What the task asks: All the data below goes into the copy word for word, but the pictures don't.

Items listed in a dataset

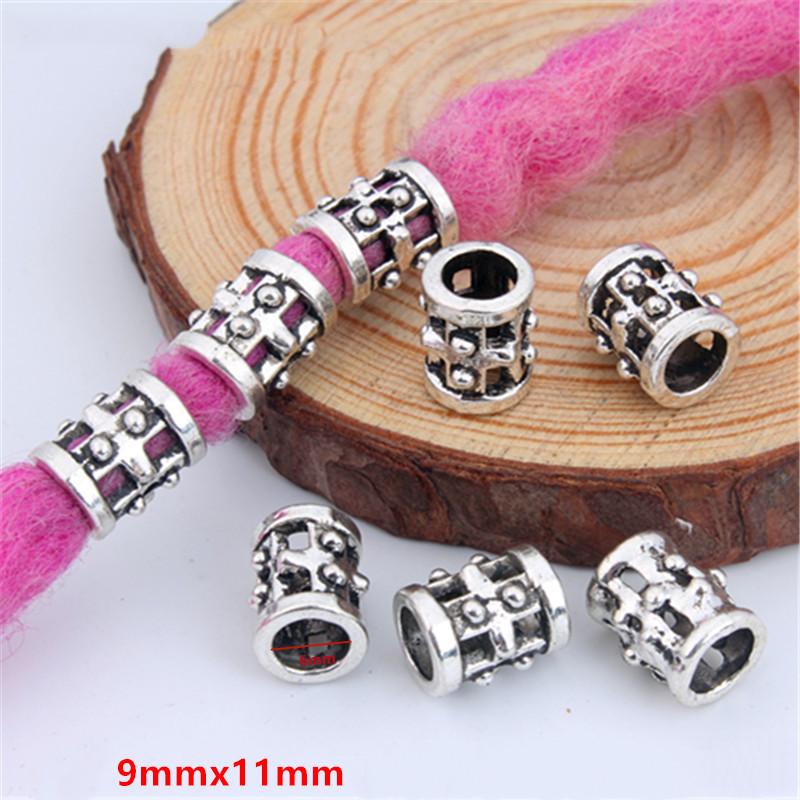 5pcs/bag Silver Metal Hair Rings Braid Dreadlocks Bead Hair Cuffs Dread Tube Charm Dreadlock for DIY Hair Accessaries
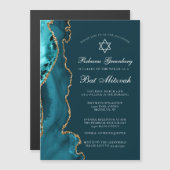 Elegant Teal Goud Agate Bat Mitzvah Feest Magnetische Uitnodiging (Voorkant / Achterkant)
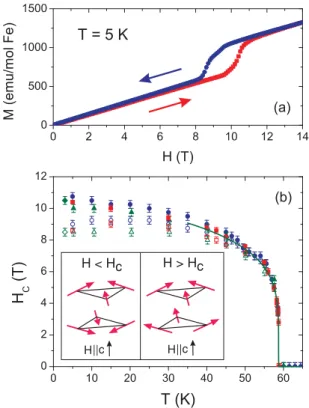 FIG. 7. (Color online) (a) Magnetization as a function of field at T = 5 K for deuterated silver jarosite shows hysteresis as the field is swept up and down (1 emu = 10 −3 A · m 2 )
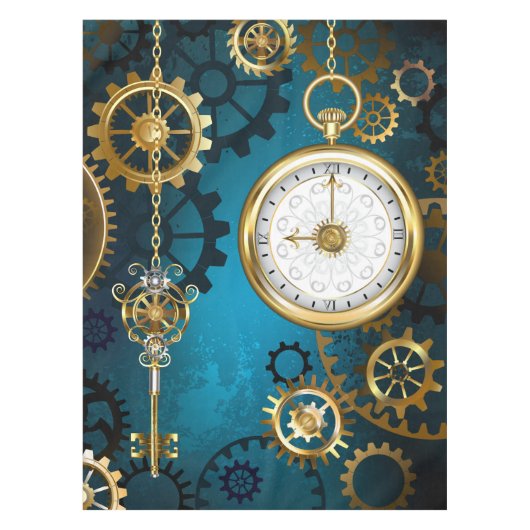 Türkisfarbener Steampun-Hintergrund mit Gänsen Tischdecke (Vorderseite)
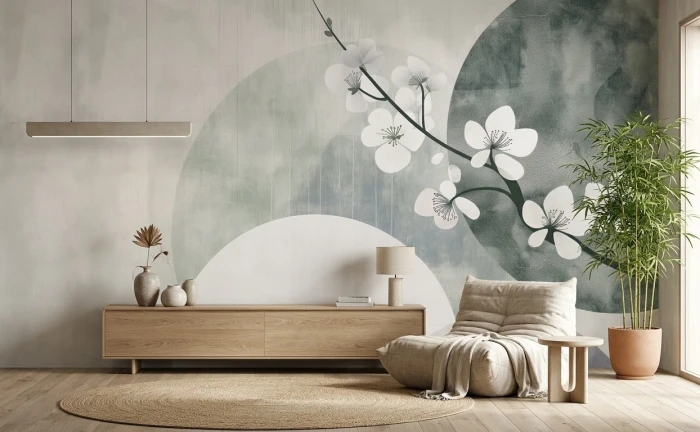 Orientalna tapeta z akwarelowymi kołami i kwiatami ZEN GARDEN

Task response:
 5pcs/bag Silver Metal Hair Rings Braid Dreadlocks Bead Hair Cuffs Dread Tube Charm Dreadlock for DIY Hair Accessaries
 Elegant Teal Goud Agate Bat Mitzvah Feest Magnetische Uitnodiging (Voorkant / Achterkant)
 FIG. 7. (Color online) (a) Magnetization as a function of field at T = 5 K for deuterated silver jarosite shows hysteresis as the field is swept up and down (1 emu = 10 −3 A · m 2 )
 Türkisfarbener Steampun-Hintergrund mit Gänsen Tischdecke (Vorderseite)
 Orientalna tapeta z akwarelowymi kołami i kwiatami ZEN GARDEN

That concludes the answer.